Петербург. 26 апреля
Я так и думал, милая моя Marie, что не вы виноваты в перерыве переписки, а нездоровье ваше, и потому не сердился, а тревожился… и вижу теперь, что недаром… Очень, очень тяжело мне знать вас и физически страждущей, и нравственно расстроенной. — Но все это письменное сочувствие так вяло и безотрадно — авось-либо живое слово окажется действительнее.

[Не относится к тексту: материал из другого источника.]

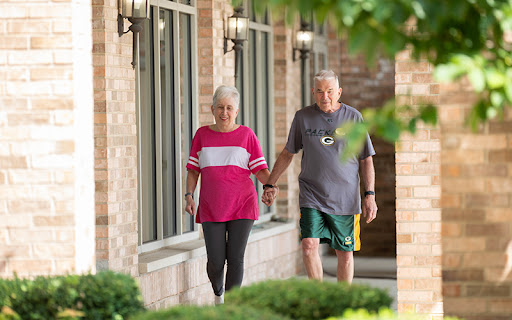 senior couple going for a walk, a great outdoor activity for seniors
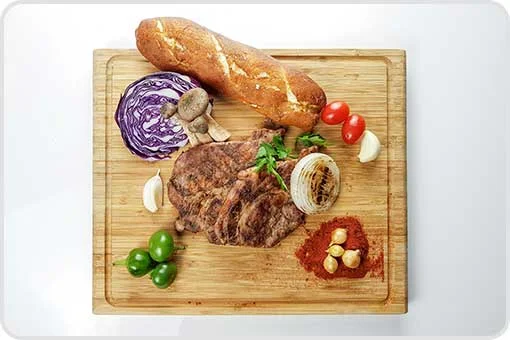 Tabla de madera con carne asada, pan crujiente y vegetales duros, alimentos no recomendados tras una extracción dental en Coyoacán, CDMX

В будущем месяце непременно явлюсь к вам. Но еще не могу назначить дня моего приезда. Я полагаю, что еще до получения этого письма вы уже виделись с возвратившимся из Петербур<га> Щебальским и что он кроме известий обо мне сообщил вам впечатления свои, вывезенные им отсюда. Вероятно, впечатления эти — в Москве еще более, чем здесь — согласуются с тем, что я писал к вам по делу Каткова, которое не перестает занимать всех. — Сочувствие к нему полное. Никто не допускает мысли, что «Московские вед<омости>» прекратятся. Но все очень искренно озабочены вопросом, каким путем вывести дело из этого затруднительного положения. — Никто из ему сочувствующих — а их имя легион — не верит, чтобы он сам желал сойти со сцены и в сознании этого желания преднамеренно поставил вопрос, как он именно поставлен. Это было бы — не говорю непатриотично, но просто несовместно с такою благородною личностью, как Катков. Для выяснения дела весьма достаточно уже одного — того справедливого раздражения, овладевшего им при виде этого не то бессмысленного, не то злонамеренного противудействия. Восторжествовать окончательно над этим противудействием было в полной его возможности. Но он сам усложнил задачу, поставивши вопрос таким образом, что решение его затрогивает и самую личность государя, не при совсем благоприятных условиях. — Как бы то ни было, при теперешних обстоятельствах и настроении умов — последнее слово должно остаться за Катковым, и так оно и будет… Но довольно. Есть дело еще важнее и этого, и это дело — вы и ваше здоровье. Обнимаю детей. — Скажите вашему мужу, что я все-таки жду от него неск<олько> слов. Господь с вами.